THE TASK:
Without including any pictures, copy every line below exactly.

SUPPLIED RECORDS:

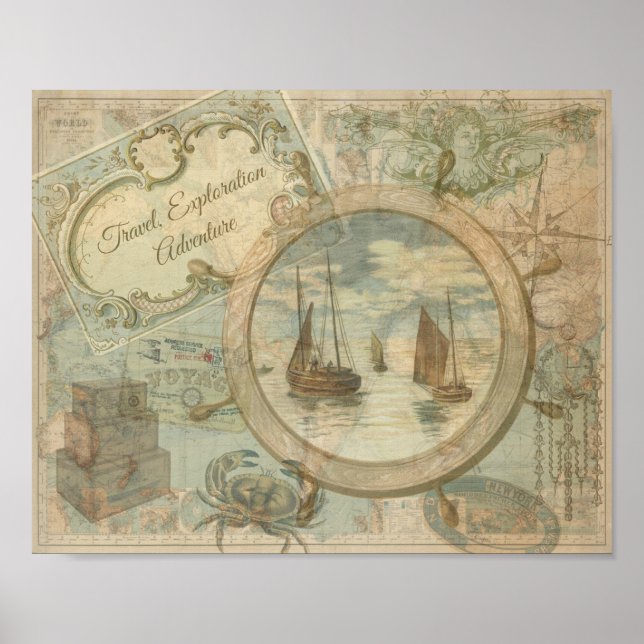 Resor, prospektering och Äventyr Poster (Framsidan)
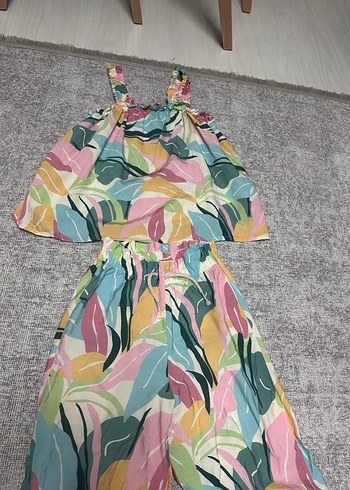 Kızlar için Pastel Renkli Salaş Takım - Görsel 3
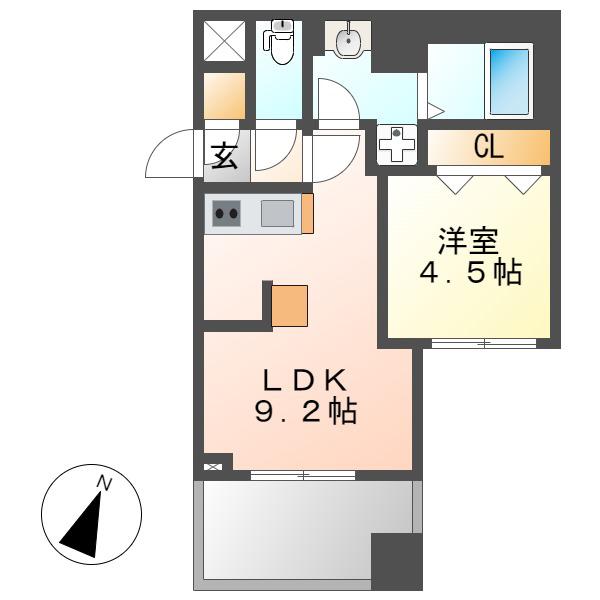 シトラスガーデン(1LDK/2階)の間取り写真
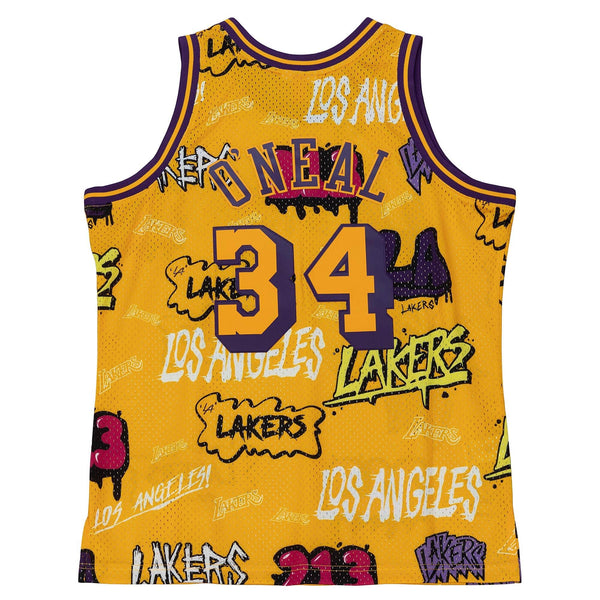 Slap Sticker Swingman Shaquille O'Neal Los Angeles Lakers 1996-97 Jersey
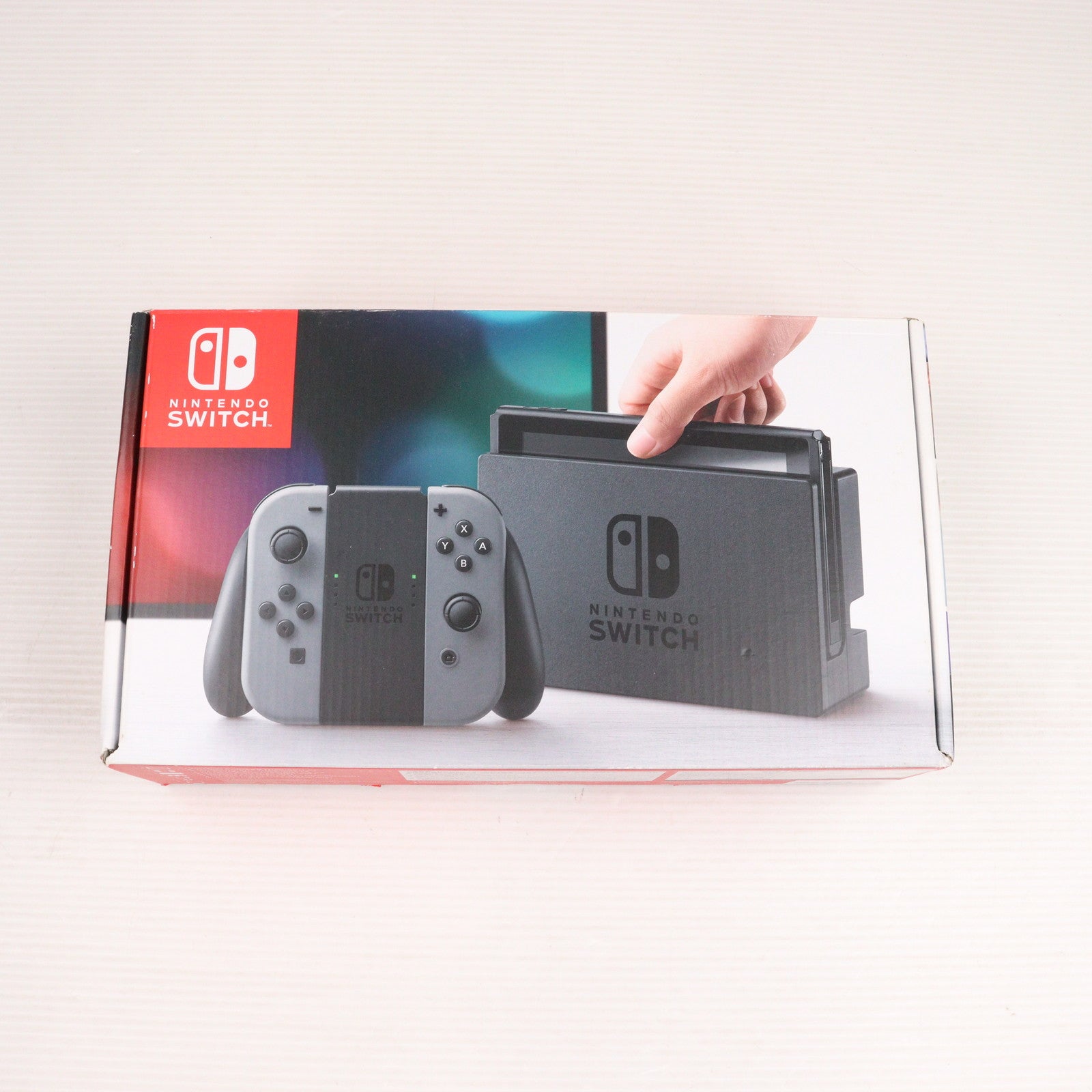 【中古即納】[Switch] (本体) Nintendo Switch(ニンテンドースイッチ) Joy-Con(L)/R グレー 任天堂(HAC-S-KAAAA)(20170303)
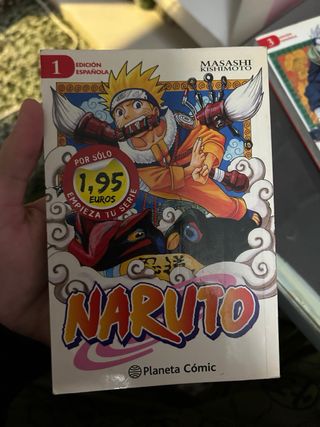 Naruto tomos 4,3 y 1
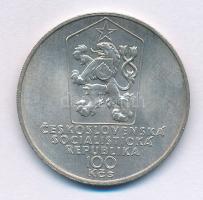 Csehország 1983. 100K Ag "Centenárium - Samo Chalúpka halála" emlékérme T:XF, patina
Czec...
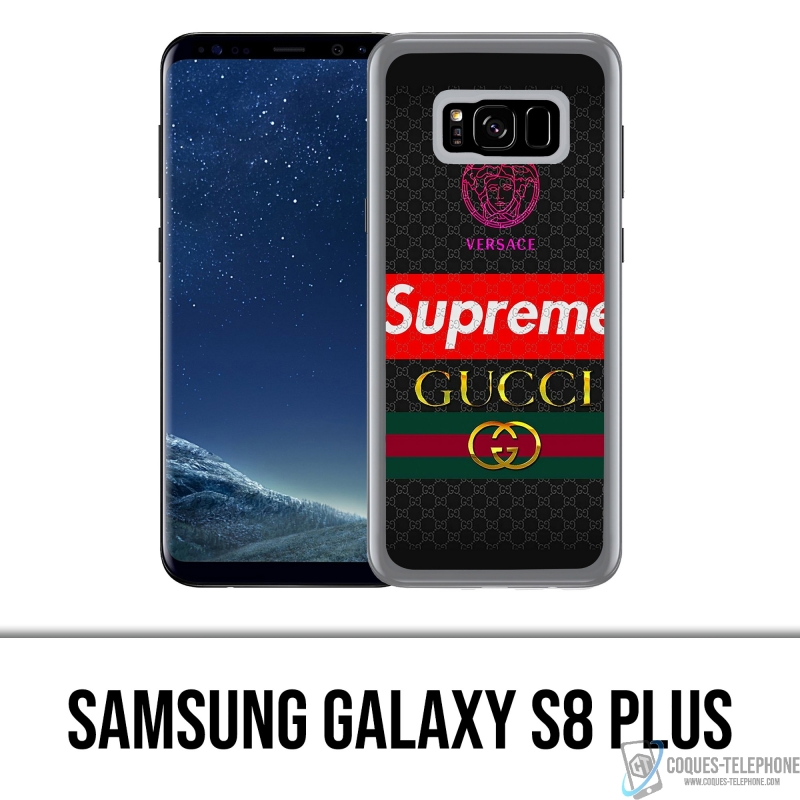 Samsung Galaxy S8 Plus case - Versace Supreme Gucci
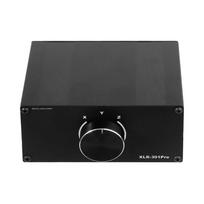 Unpowered XLR Audios Switcher Double Routing Mode Shielded Connection For Professional Sound Systems Recording Gear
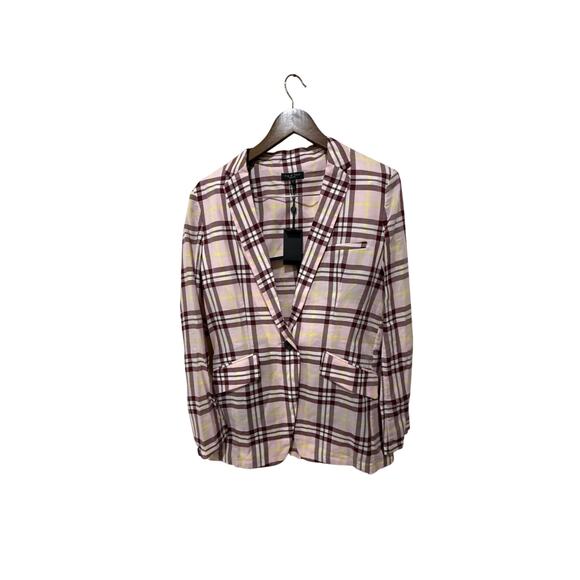 Rag & Bone Margot Single-Breasted Plaid Blazer Size 2 NWOT - Picture 6 of 8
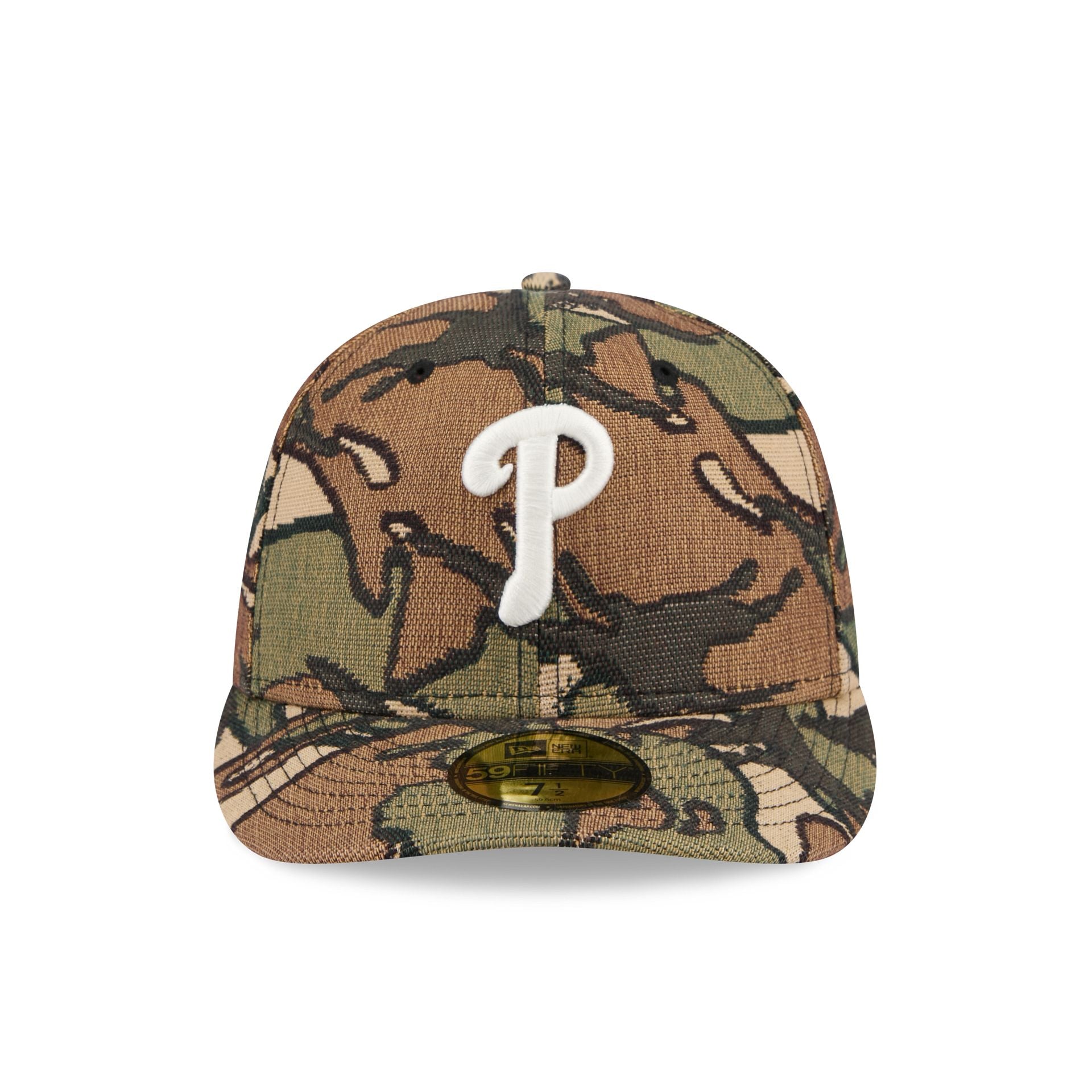 Alternative view of Philadelphia Phillies Three Looms Jacquard Camo 59Fifty Fitted Hat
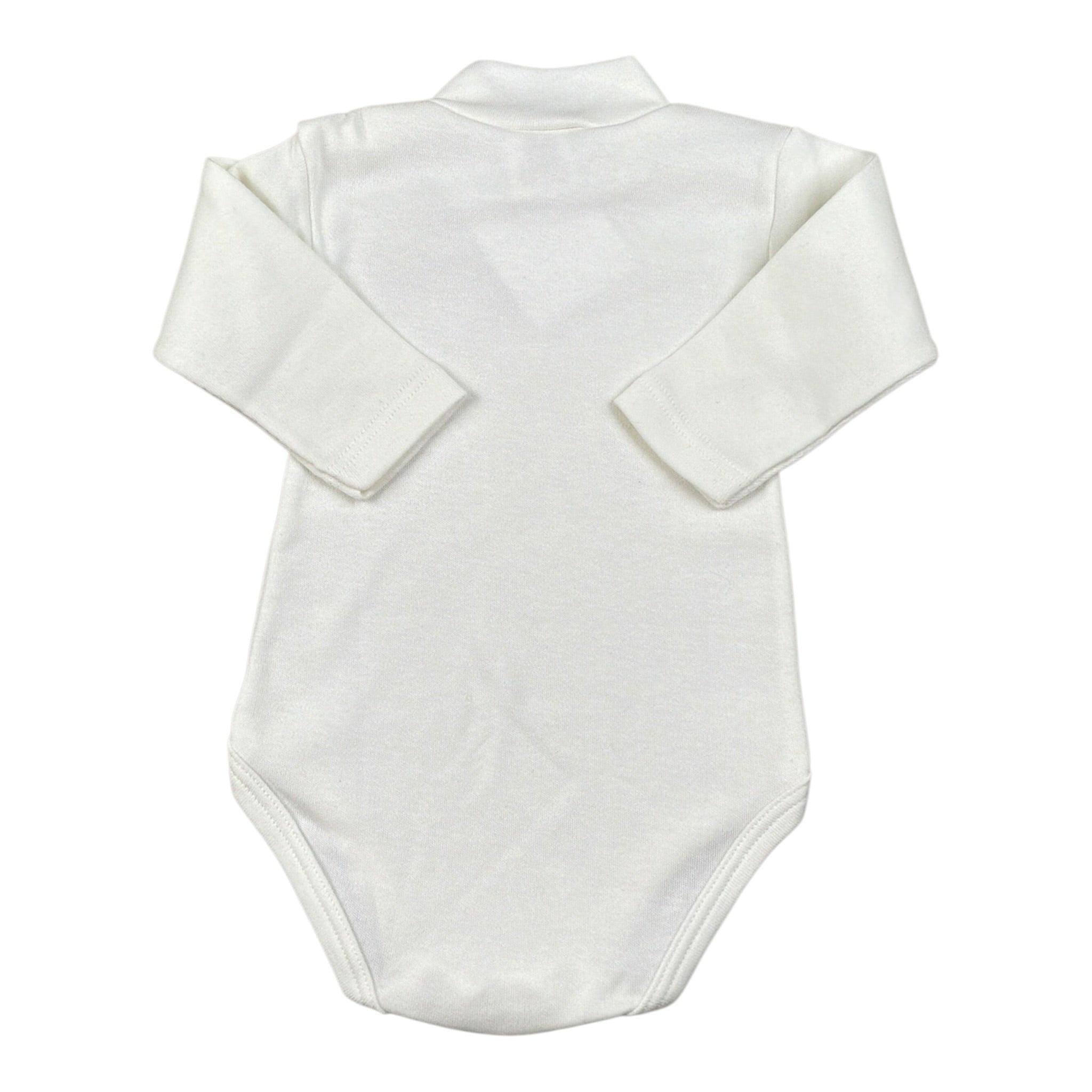 Babyvip Body tinta unita Mezzo Collo Bianco per Neonata J1414 BIANCO BABYVIP 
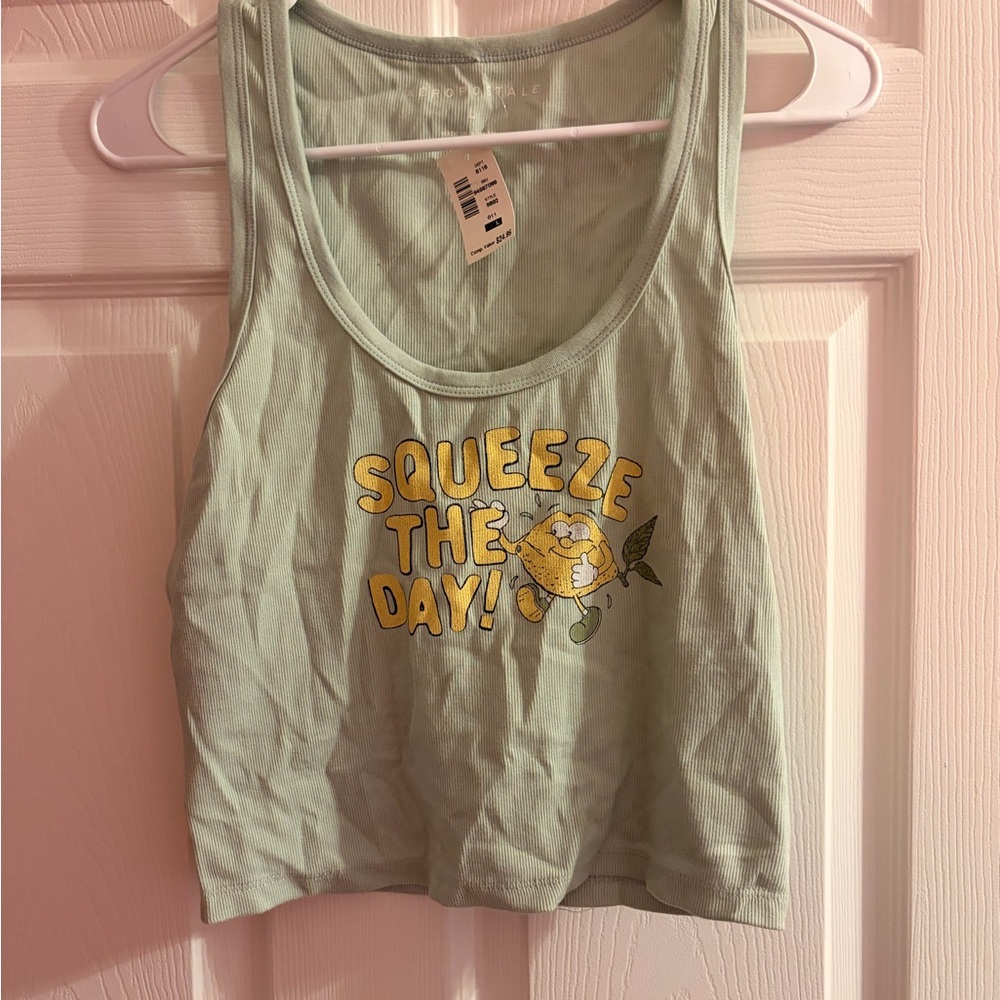 Aeropostale Squeeze The Day Cropped Tank, New With Tags!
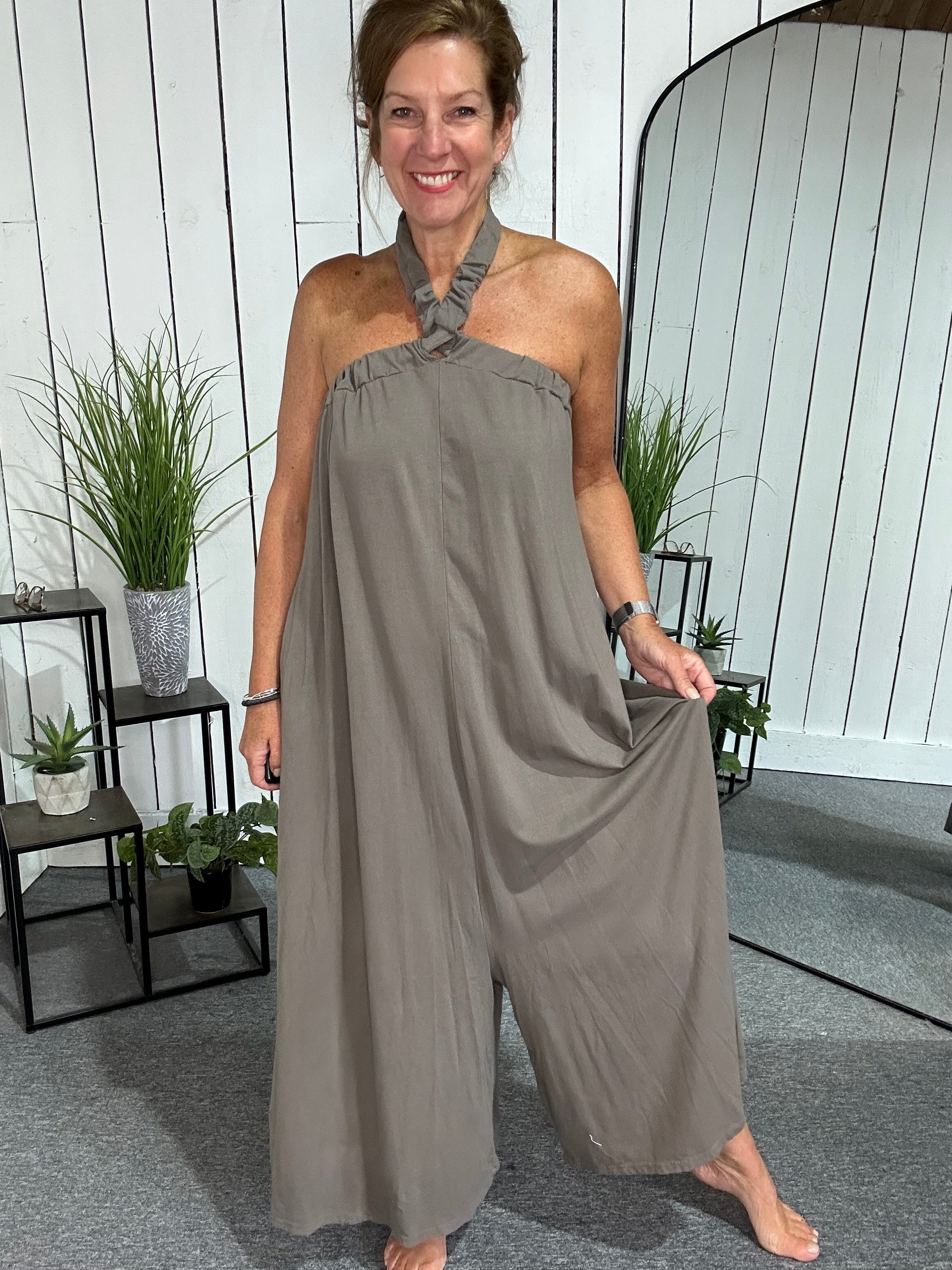 Halterneck Jumpsuit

EXERCISE RESULT:
 Resor, prospektering och Äventyr Poster (Framsidan)
 Kızlar için Pastel Renkli Salaş Takım - Görsel 3
 シトラスガーデン(1LDK/2階)の間取り写真
 Slap Sticker Swingman Shaquille O'Neal Los Angeles Lakers 1996-97 Jersey
 【中古即納】[Switch] (本体) Nintendo Switch(ニンテンドースイッチ) Joy-Con(L)/R グレー 任天堂(HAC-S-KAAAA)(20170303)
 Naruto tomos 4,3 y 1
 Csehország 1983. 100K Ag "Centenárium - Samo Chalúpka halála" emlékérme T:XF, patina
Czec...
 Samsung Galaxy S8 Plus case - Versace Supreme Gucci
 Unpowered XLR Audios Switcher Double Routing Mode Shielded Connection For Professional Sound Systems Recording Gear
 Rag & Bone Margot Single-Breasted Plaid Blazer Size 2 NWOT - Picture 6 of 8
 Alternative view of Philadelphia Phillies Three Looms Jacquard Camo 59Fifty Fitted Hat
 Babyvip Body tinta unita Mezzo Collo Bianco per Neonata J1414 BIANCO BABYVIP 
 Aeropostale Squeeze The Day Cropped Tank, New With Tags!
 Halterneck Jumpsuit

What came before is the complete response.